Dans le dossier Matata, il ne faut pas s’en cacher, le plus étrange reste son rebondissement permanent, ce, en dépit des efforts des uns et des autres de clarifier les tenants et les aboutissants dudit dossier. D’ailleurs Augustin Matata  lui-même a, il y’a peu, tenu une conférence de Presse à ce sujet à Kinshasa devant un parterre des journalistes pour fustiger ce qu’il a qualifié d’acharnement sur sa personne. Au cours de cet échange avec la presse, l’ancien Premier Ministre a eu à répondre à plusieurs questions parmi lesquelles ses relations avec l’inspection Générale des Finances dont l’audit a été réalisé sur sa propre demande et sans qu’aucune preuve de sa culpabilité ne soit établie à propos de ce dossier. Il sied de noter que sur la même affaire, une enquête menée par des journalistes dont la probité et la rigueur professionnelle ne sont pas à démontrer. Résultat: l’investigation a abouti aux mêmes conclusions. Comme quoi, l’ancien Premier ministre, n’ayant pas géré le projet au quotidien, celui-ci avait été confié à un manager sud-africain qui avait signé avec le Ministre en charge du dossier un contrat de performance.

Pas rationnel donc d’impliquer Augustin Matata dans l’ensemble des actes répréhensibles, avait conclu ce rapport. Comment comprendre dès lors que l’ancien Premier Ministre soit présenté comme auteur intellectuel des éventuels détournements sans qu’aucune preuve ne soit établie jusque-là quant à ce?

C’est là que certains observateurs avertis de la vie politique de la RDC s’inquiètent de ce nouveau principe qui tend à se développer dans la jurisprudence congolaise, principe consistant à ce que, à défaut des preuves matérielles et face à la persistance des soupçons, un accusé soit déclaré coupable en qualité « d’auteur intellectuel ». Une gymnastique juridico métaphysique qui ne favorise pas l’éclosion d’une justice équitable. La faute étant individuelle et la démonstration de la preuve incombe à l’accusateur.

Il est strictement urgent de réhabiliter le droit à la présomption d’innocence. Augustin Matata, ancien premier ministre de la RDC, dont les ambitions pour un destin national sont entendues par plusieurs sans qu’il n’ait encore rien dit, serait t-il devenu du coup un obstacle sur les chemins d’autres ambitions?  Telle est la vraie question sur table. Autre question à se poser, Augustin Matata aurait-il par sa démission au PPRD et au FCC franchi la ligne rouge dont la séquence serait éventuellement l’effet boomerang de son acte de liberté?

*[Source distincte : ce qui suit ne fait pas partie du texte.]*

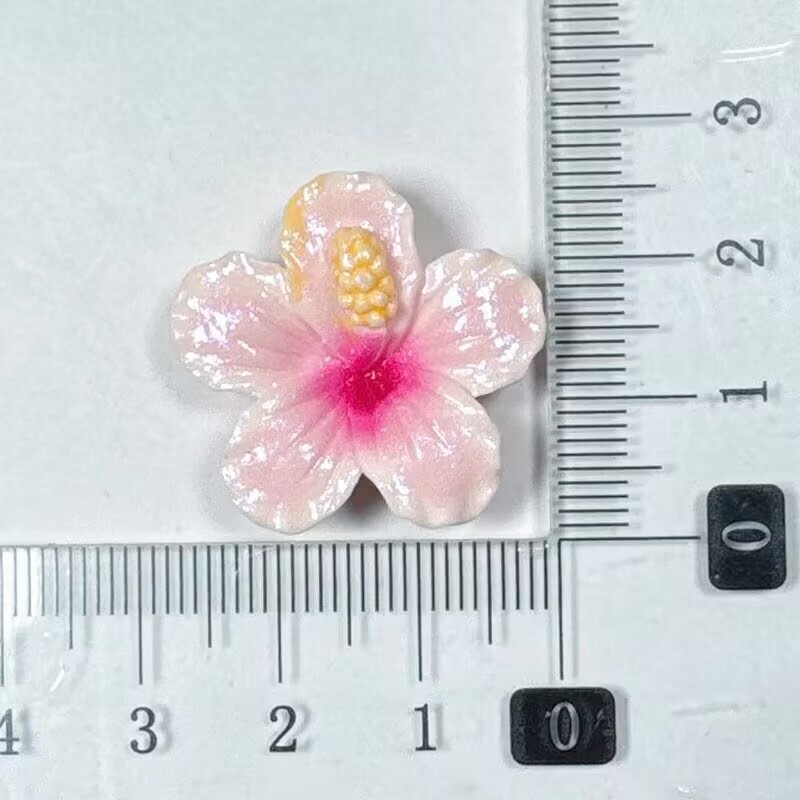 カラフルなグラデーション 5 花びら花の雄しべ樹脂アクセサリーヘアピンヘアロープ携帯電話ケースキーホルダーウォーターカップパッチ DIY|undefined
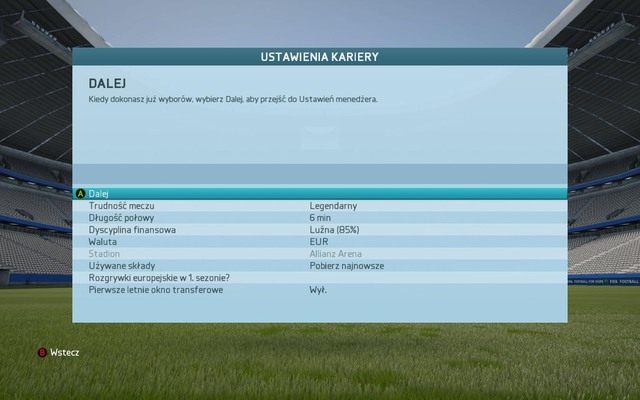 Kolejny ekran pozwala nam na określenie podstawowych ustawień dotyczących tego trybu - znajdziemy więc tam wytyczne dotyczące poziomu trudności, który będzie odpowiadał naszym umiejętnościom piłkarskim czy też czas połowy każdego rozgrywanego spotkania - Rozpoczynamy rozgrywkę! | Kariera menedżerska w FIFA 16 - FIFA 16 - poradnik do gry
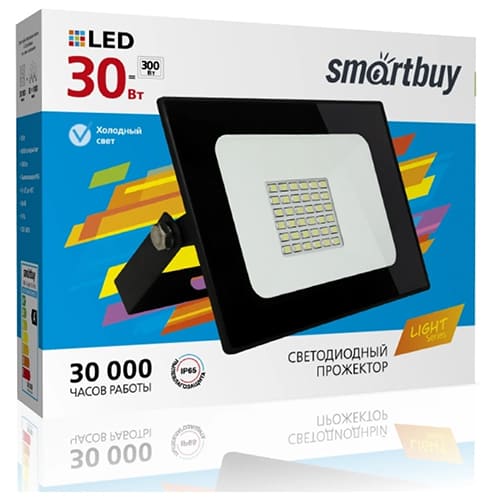 Прожектор светодиодный, LED, FL SMD LIGHT Smartbuy-30W/6500K/IP65, SBL-FLLight-30-65K, 1/80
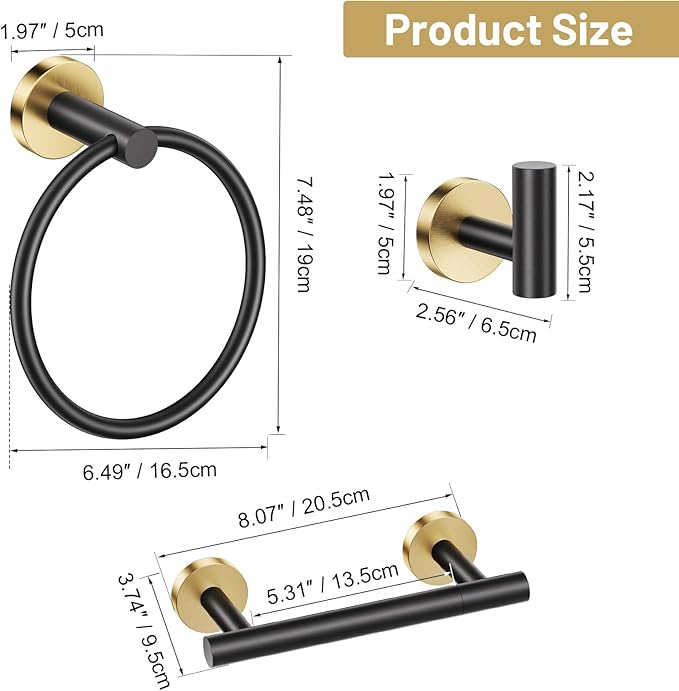 Black Gold Bathroom Hardware Set, 4-Piece Towel Holder Set Include Double Bases Toilet Paper Holder,Towel Ring and 2 Towel Hooks Stainless Steel Wall Mounted Bathroom Hardware Accessories Set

De quoi s’interroger sur une justice à la carte, sinon à la tête du client. S’il faut juger de la faillite du projet Bukanga Lonzo, doit-on l’imputer à son concepteur ou à celui qui a cessé de le financer? Voilà qui justifie même le fait que Matata lors de sa conférence de Presse n’a pas hésité à citer nommément ceux qui avaient intérêt à l’arrêt si pas à la mort de ce méga projet.

Quoi de plus normal d’affirmer que si la justice doit être dite, elle devra donc l’être pour tous, le chef du gouvernement de l’époque n’ayant fait qu’exécuter le plan conçu et  validé par le conseil des ministres.

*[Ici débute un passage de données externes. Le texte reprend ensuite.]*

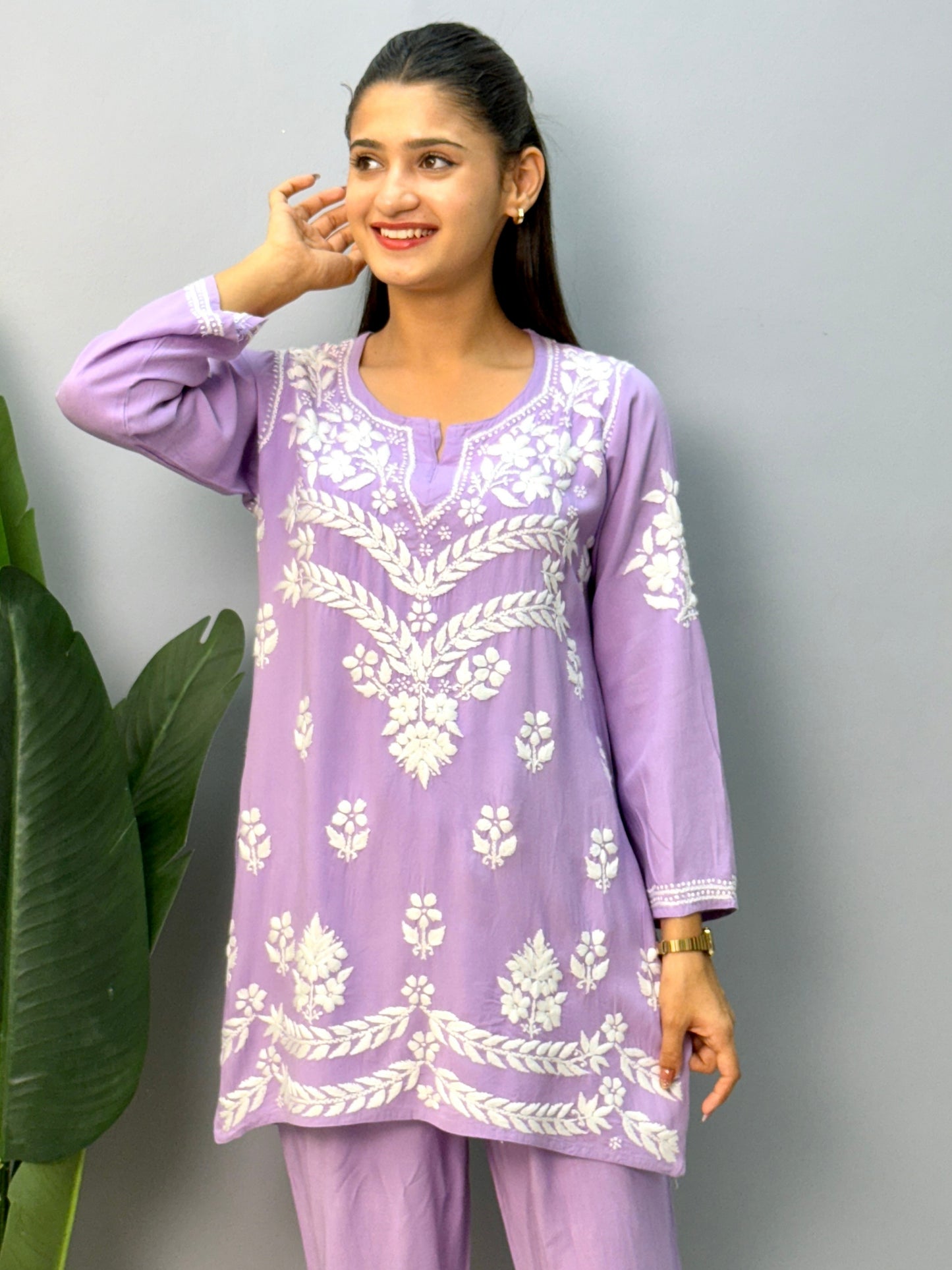 Lavender rayon chikankari short kurta and pant set with white embroidery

Là où ce cas interpelle les consciences restent dans le fait que ne sont traînés en justice que ceux qui ont osé faire quelque chose pour le peuple. À se demander vraiment si pour garantir son avenir, il ne faut simplement ne rien tenter de faire pour la République tant qu’on est en poste parce que malheur finit par suivre ceux qui pensent apporter un plus. Le cas Matata avec plusieurs réalisations à son actif en dit long.

Une société qui tue ses meilleurs ne peut progresser, a dit un jour un sage!

Le cas Matata ne devrait en aucun cas nous rappeler au souvenir de la célèbre affaire Dreyfus!